I keep getting an error on this challenge telling me to make sure my method returns a nicely formatted string, but it does return a formatted string. I tried the code I ran in a workspace and it returned 'The remainder of 100 divided by 2 is 0. ' I don't understand what I am doing wrong.

method.rb
def mod(a,b)
  puts "The remainder of #{a} divided by #{b} is #{a%b}."
end
mod(100,2)

1 Answer

andren
andren
28,558 Points

Your code prints a nicely formatted string, it does not return it. This is an extremely common misconception among beginners, printing something (with puts for example) and returning something are two very different things.
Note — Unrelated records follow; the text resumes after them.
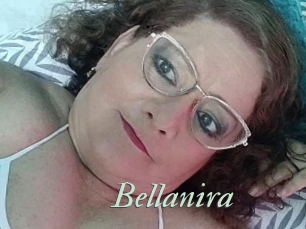 Bellanira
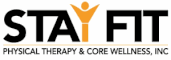 Stay Fit Wellness Academy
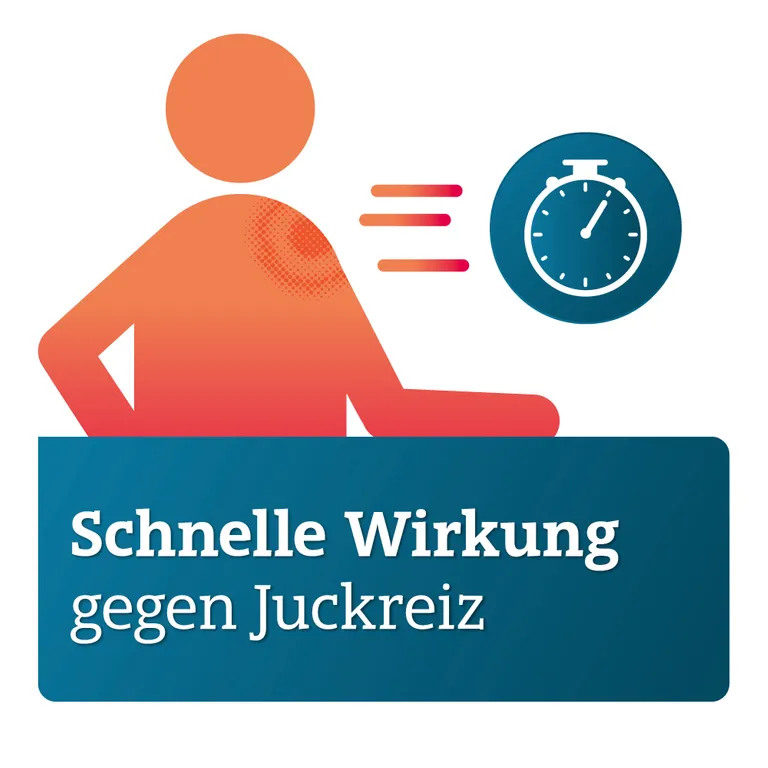 Shopapotheke DIMETIN ADGC® – Antiallergikum Gel Gegen Juckreiz Wie Bei Mückenstichen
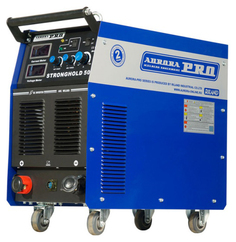 Сварочный аппарат Aurora PRO STRONGHOLD 500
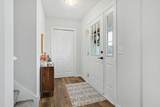 531 Hill Valley Lane - Photo 5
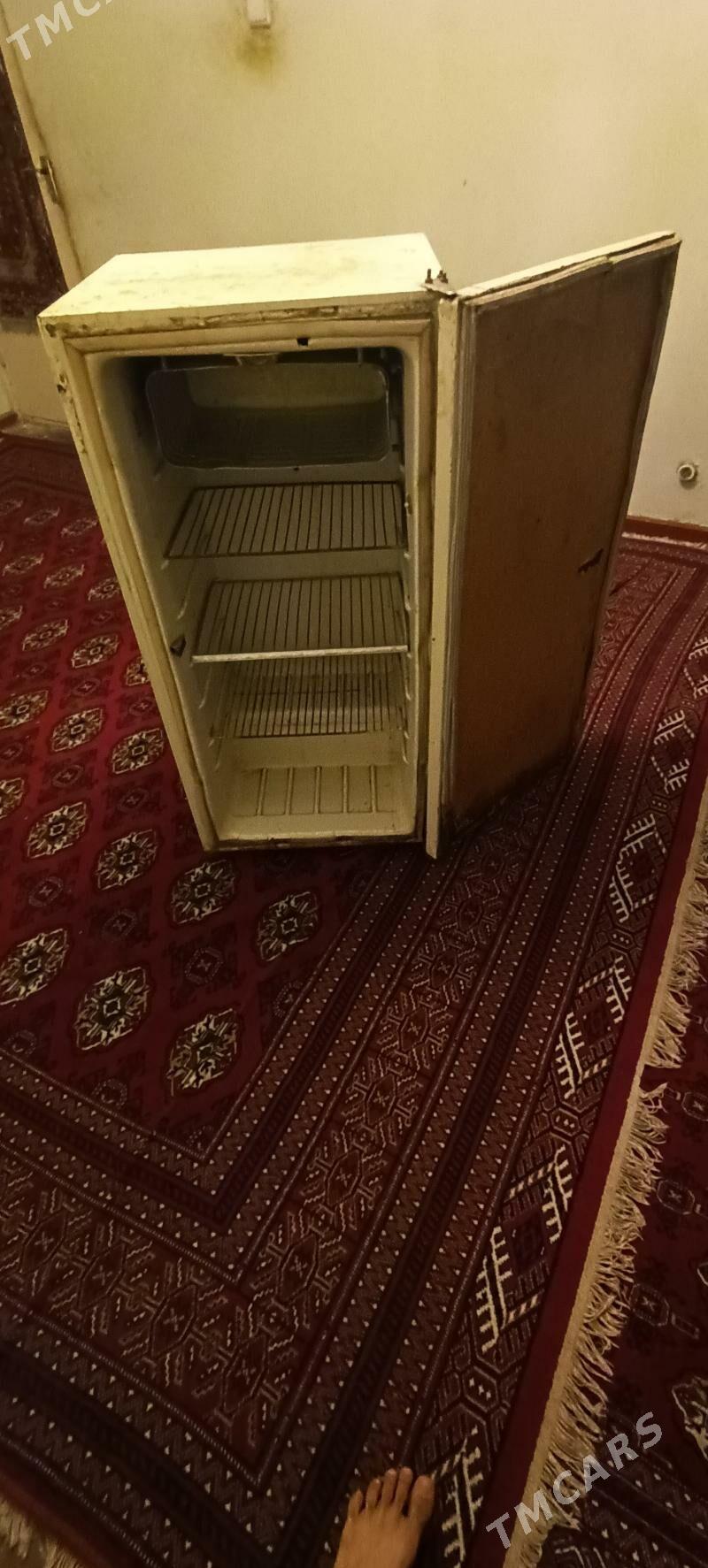 Hlodilnik - Гаудан "Б" - img 3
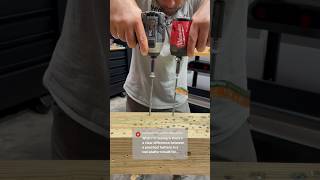 Milwaukee M18 FORGE VS FLEX Stacked Lithium on Impact Drivers [upl. by Airbmak108]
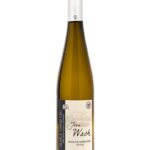 Riesling  Grand Cru Wiebelsberg 2022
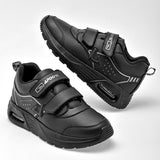 Pakar.com | Tienda online | Calzado Escolar | Tenis urbano Apoort para joven | Regreso a clases | Vacaciones de Verano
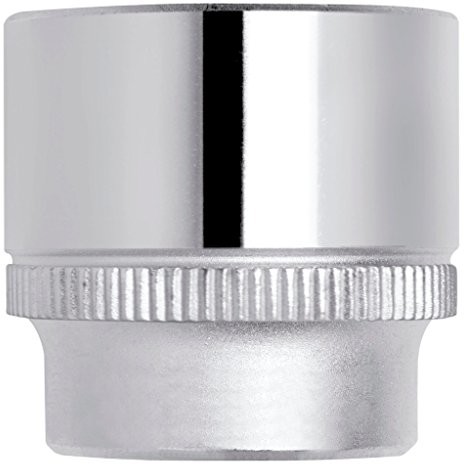 Gedore klucz nasadowy Red r61001306 1/2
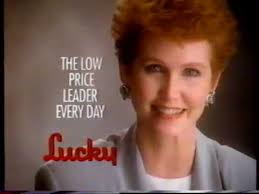 Some more Memories Of Lucky Stores Jeff JeffJackin Jacklin lucky Lucky  :Lucky 一 ا JEFF 20 YEAMSSERVICE YEARS BERVICE Luckn РобВ ผสตาักิ Dan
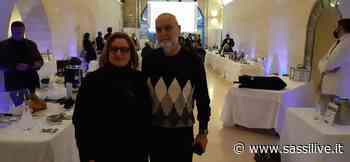 Conclusa a Matera la 9^ edizione di “Vini da Terre Estreme” : report e foto - Sassilive.it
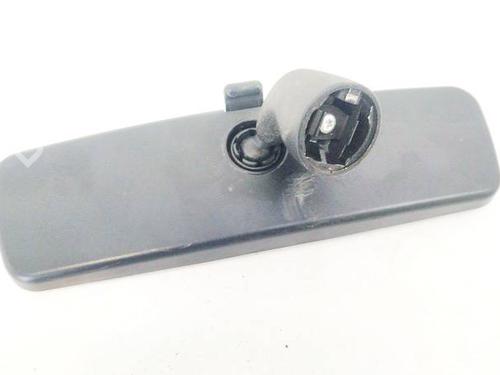 rear-mirror-seat-ibiza-iv-6j5-6p1-2008-2009-2010-2011-2012-2013-2014-2015-2016-2017-35107173 main image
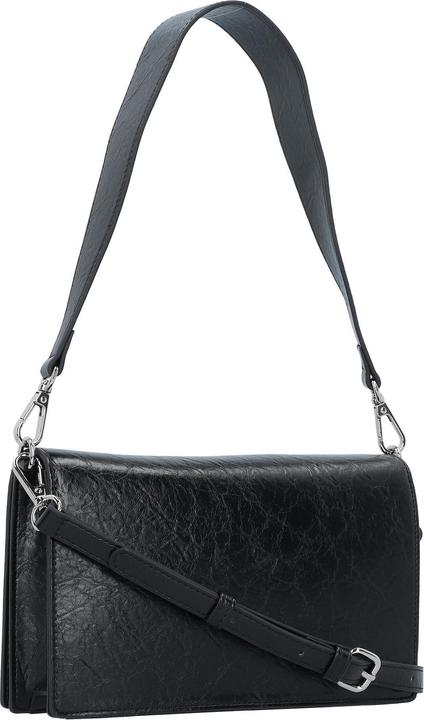 Image du produit Seidenfelt Sac à bandoulière Liinaja 23 cm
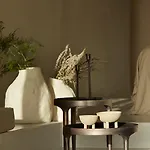 Atoles Retreat Apart-hotel Imerovigli (Santorini)
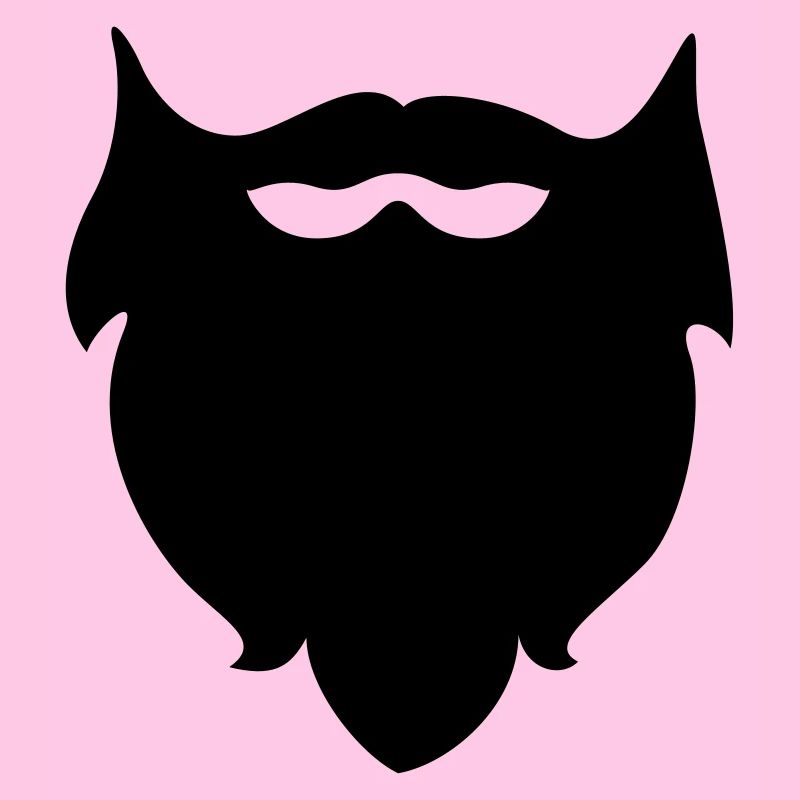Beard - Beards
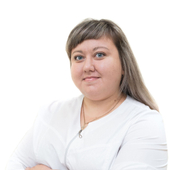 Салеева Евгения Владимировна, стоматолог-терапевт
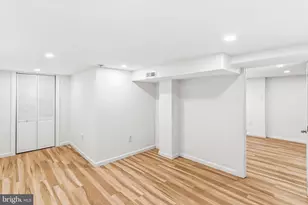 4134 E Howell St, Philadelphia, PA 19135 - Photo 44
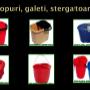 IMAGINI PRODUSE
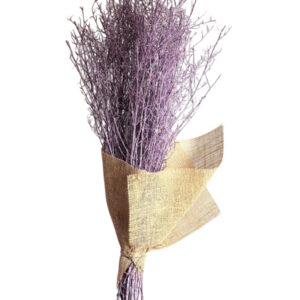 lavender 200gm alpha grass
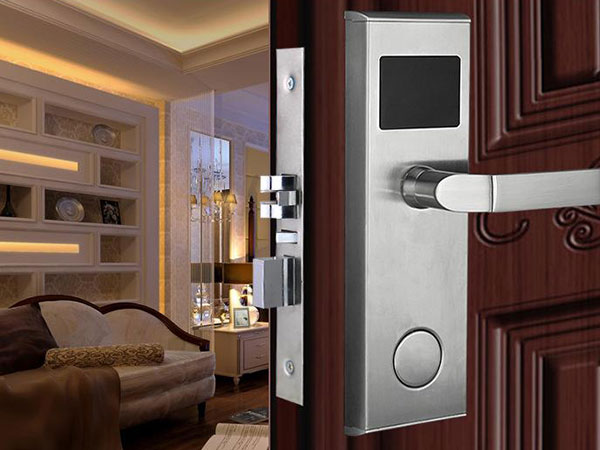 三沙24小时上门开锁公司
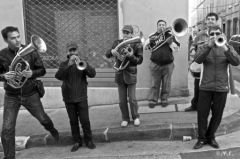 artistes-4.jpg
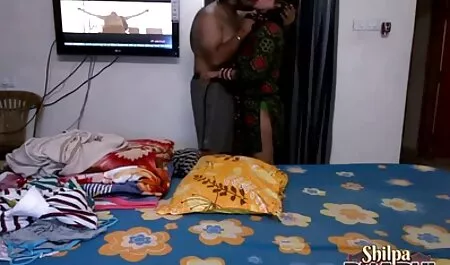 Vitka pilić sjela mom porno movie je maca na usta svoje ljubavnice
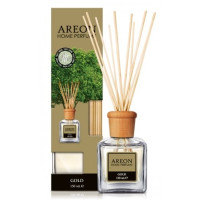 Aromatizator de aer Areon Home Perfume 150ml Lux Gold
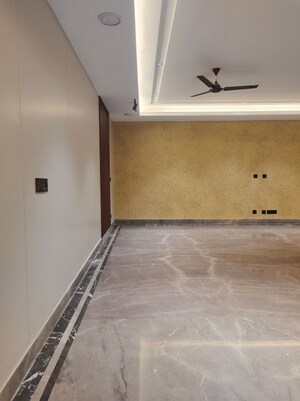  Office Space For Sale in Greater Kailash I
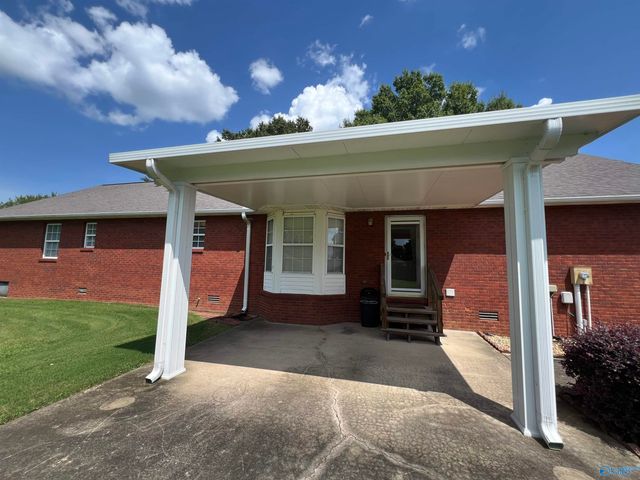 1802 Lillian Drive, Athens, AL 35611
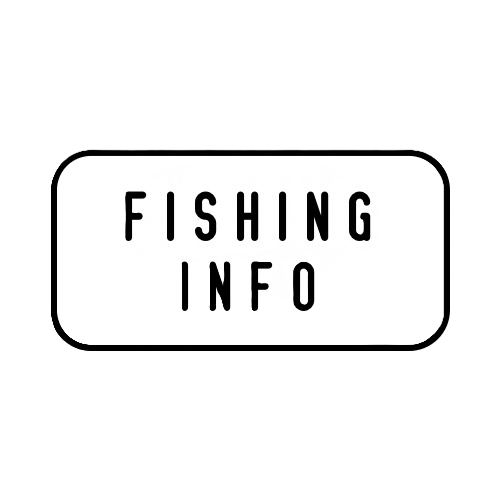 釣りインフォ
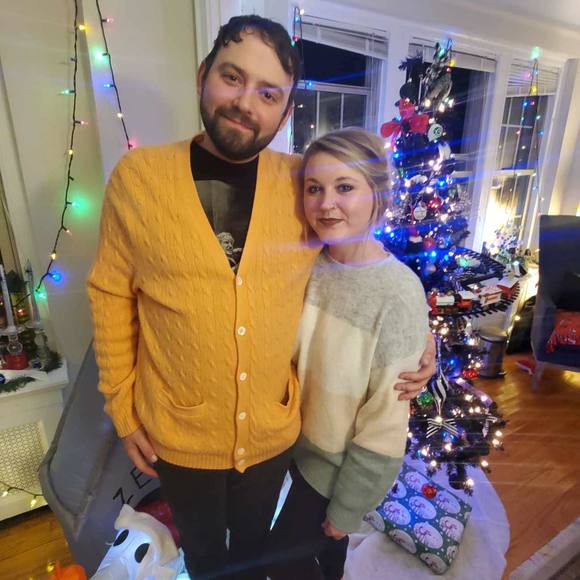 Profile Picture of Brittney Reaper (@bsrbritt) on Poshmark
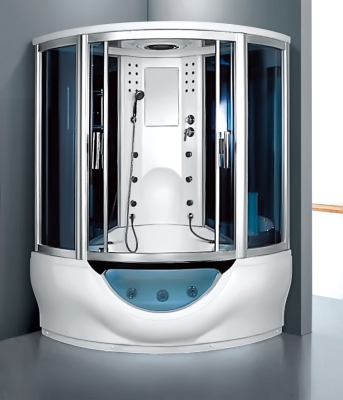 赤峰浴缸批發(fā)電話多少號(hào)-第1張圖片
They only appear to behave somewhat similarly when you are doing very simple tasks, and when using the ruby REPL for simple examples.

To return something you have to either use the keyword return, like this:

def mod(a,b)
  return "The remainder of #{a} divided by #{b} is #{a%b}."
end

Or make use of a Ruby feature called "implicit return" where Ruby automatically returns whatever value is located in the last statement of your method, which would look like this in this case:

def mod(a,b)
  "The remainder of #{a} divided by #{b} is #{a%b}."
end

Getting into exactly what return does vs puts is a bit difficult without getting into more complex code examples and concepts. But in essence you are returning the value to the code that called the method, rather than simply printing the value to the screen. It's something that will start to make more sense on as you get further into the course, and start to see practical examples of return being used.